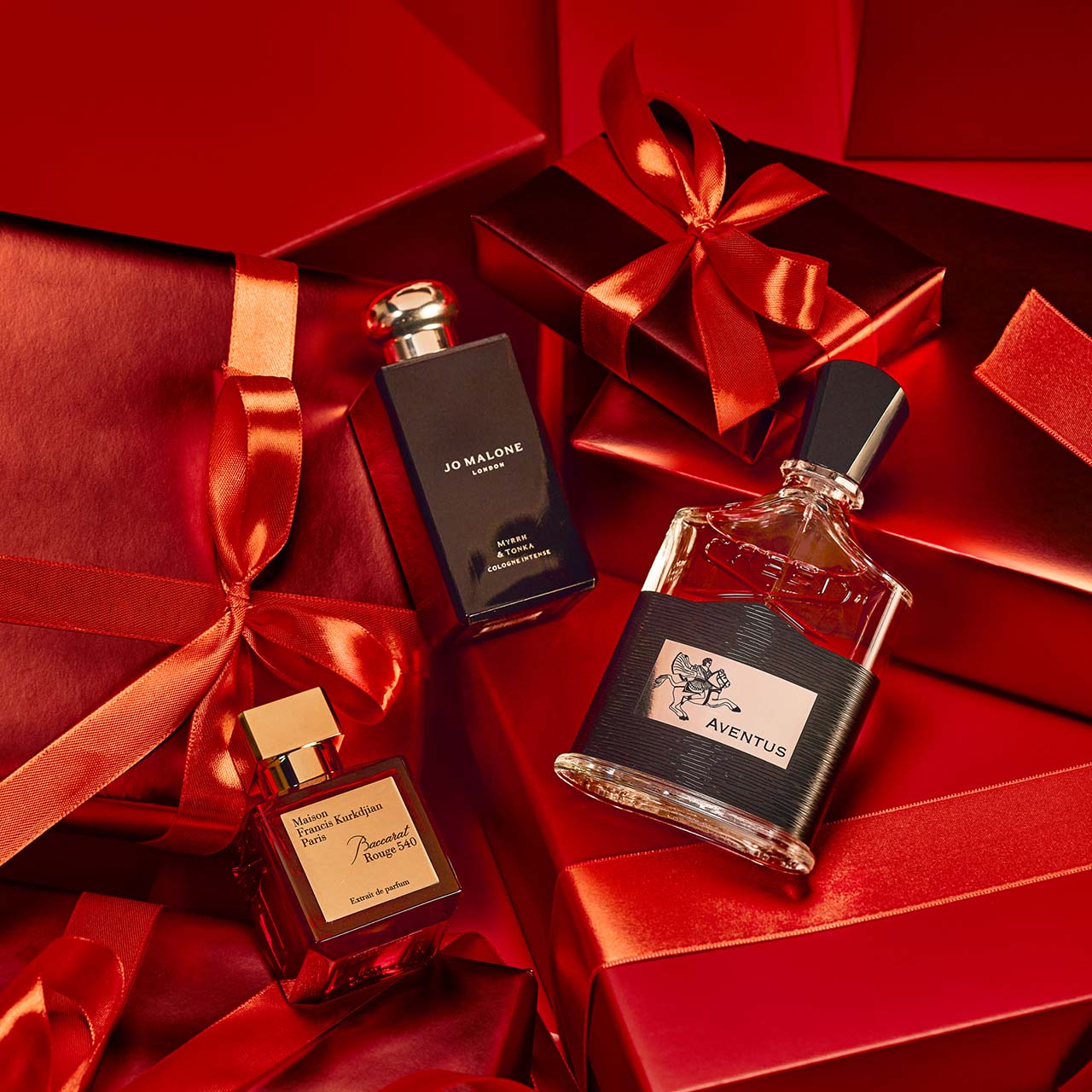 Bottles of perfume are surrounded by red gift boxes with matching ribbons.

--

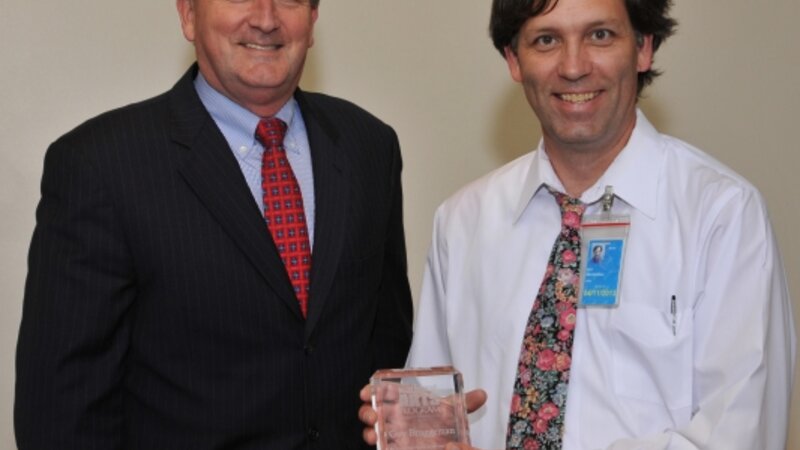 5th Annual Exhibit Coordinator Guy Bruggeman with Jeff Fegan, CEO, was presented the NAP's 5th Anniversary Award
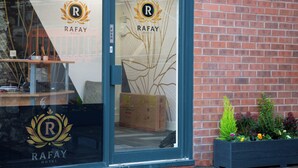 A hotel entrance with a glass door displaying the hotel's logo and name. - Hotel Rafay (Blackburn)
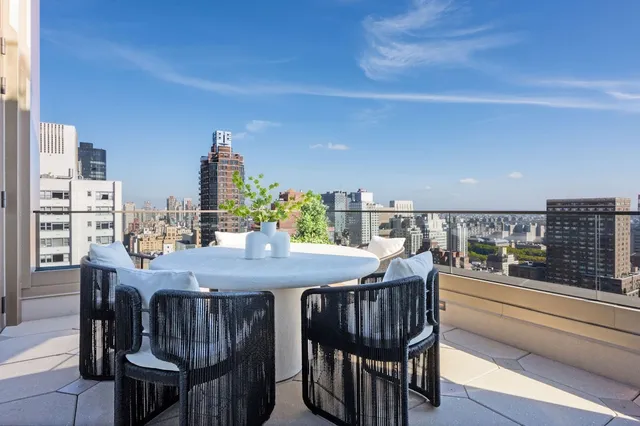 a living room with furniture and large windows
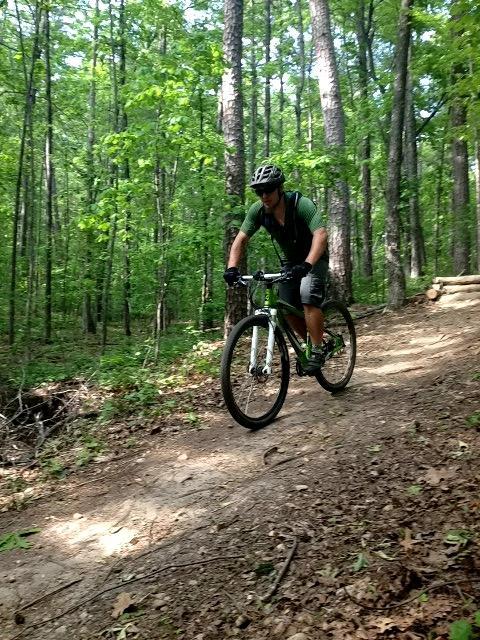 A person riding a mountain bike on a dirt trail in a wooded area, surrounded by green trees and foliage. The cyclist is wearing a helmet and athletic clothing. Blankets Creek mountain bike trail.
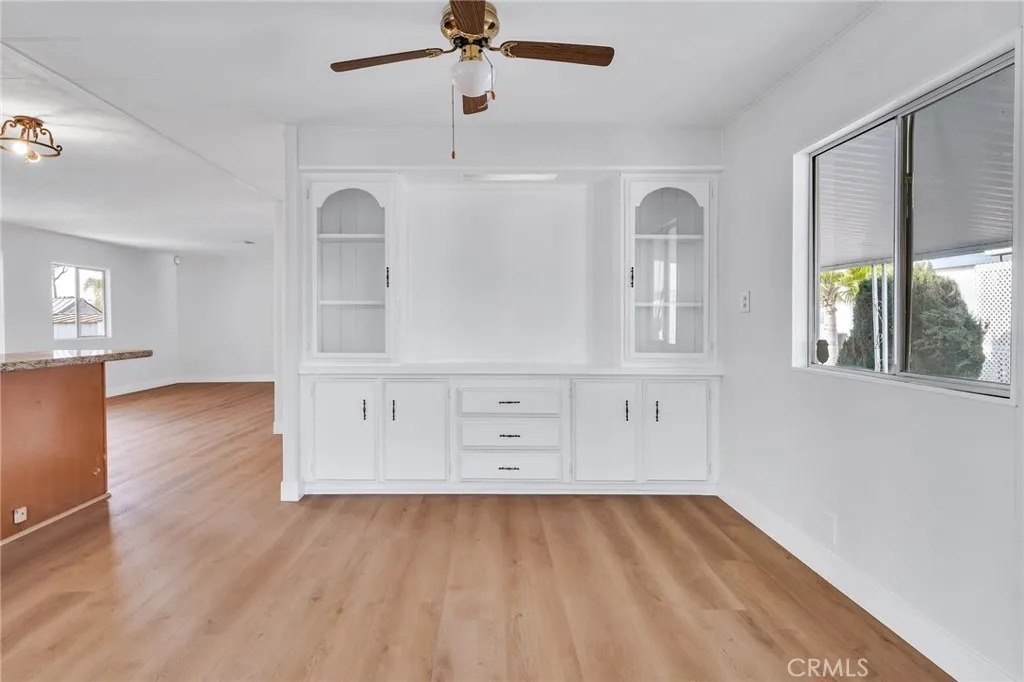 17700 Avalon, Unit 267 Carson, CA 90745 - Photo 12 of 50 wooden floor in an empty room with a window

...

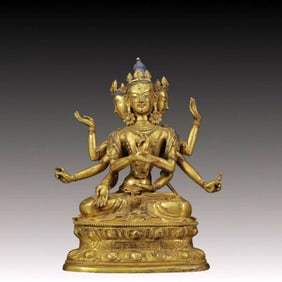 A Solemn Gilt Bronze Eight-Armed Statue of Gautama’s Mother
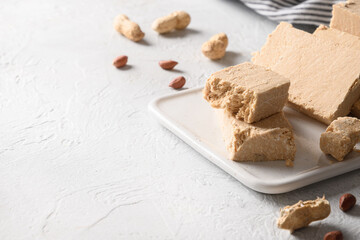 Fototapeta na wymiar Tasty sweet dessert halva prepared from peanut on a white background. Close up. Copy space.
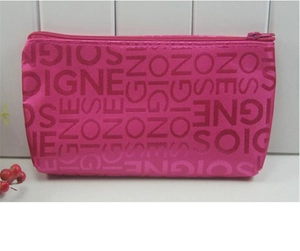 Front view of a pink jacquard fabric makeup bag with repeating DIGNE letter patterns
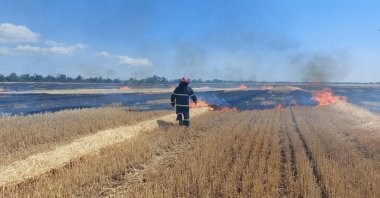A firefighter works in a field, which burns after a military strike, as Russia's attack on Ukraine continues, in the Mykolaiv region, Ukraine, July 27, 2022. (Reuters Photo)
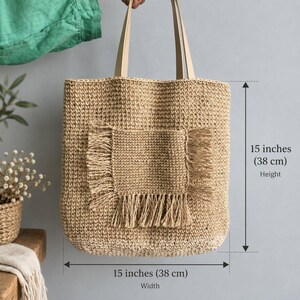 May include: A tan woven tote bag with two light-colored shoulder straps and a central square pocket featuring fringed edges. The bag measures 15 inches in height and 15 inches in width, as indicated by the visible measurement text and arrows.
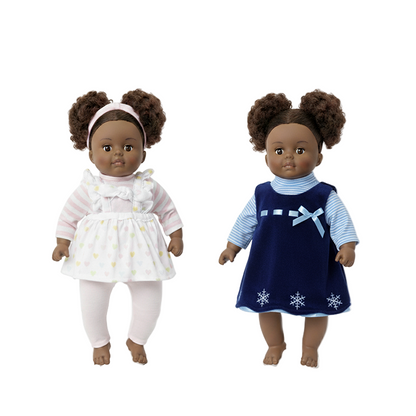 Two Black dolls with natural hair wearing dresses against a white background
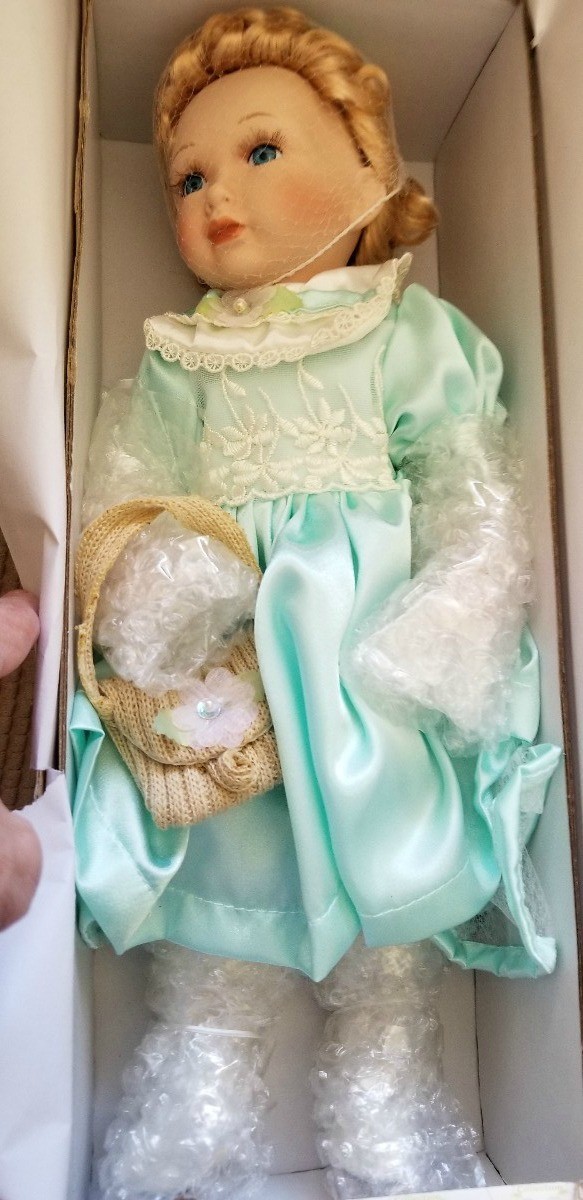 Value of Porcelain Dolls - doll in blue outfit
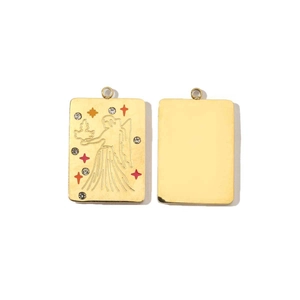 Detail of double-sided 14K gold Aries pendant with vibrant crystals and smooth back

Exercise description: Within the listing above, extract exactly the lines that run from the one containing "Two Black dolls" through the one containing "Detail of double-sided", excluding any pictures.

Solution for this problem:
 Two Black dolls with natural hair wearing dresses against a white background
 Value of Porcelain Dolls - doll in blue outfit
 Detail of double-sided 14K gold Aries pendant with vibrant crystals and smooth back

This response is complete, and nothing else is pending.